**Exercise requirements**: Should an entry contain an image, leave the image out and repeat the entry's text exactly.

Information Block Start

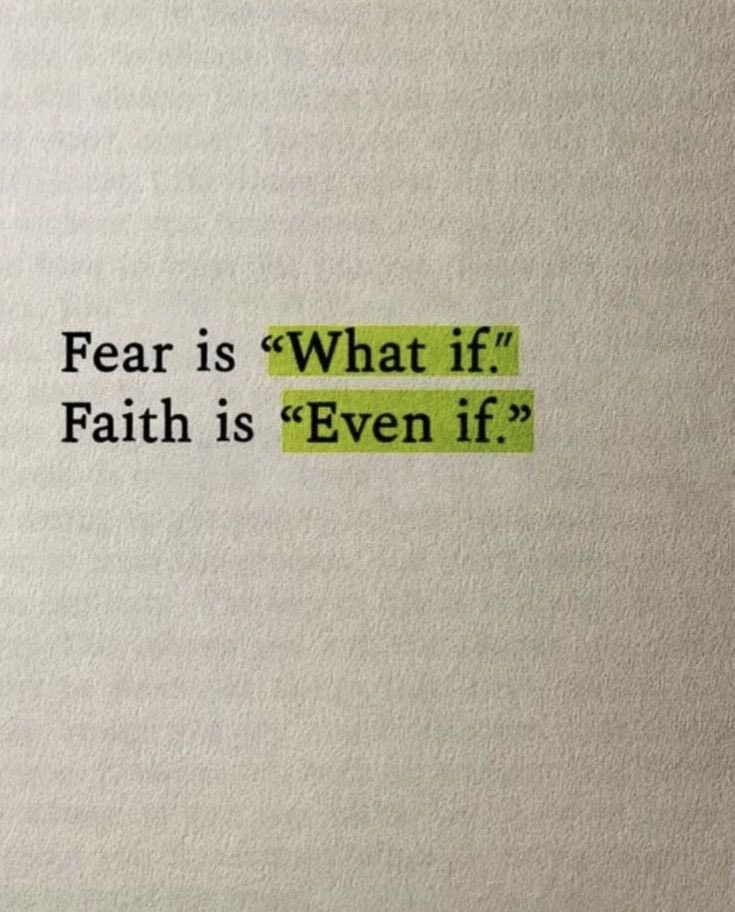 Faith
———
Fear

Every time! 👏🏽

#MondayMotivation
#MondayThoughts 
#MondayMindfulness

Information Block End

**Response for this exercise**:
 Faith
———
Fear

Every time! 👏🏽

#MondayMotivation
#MondayThoughts 
#MondayMindfulness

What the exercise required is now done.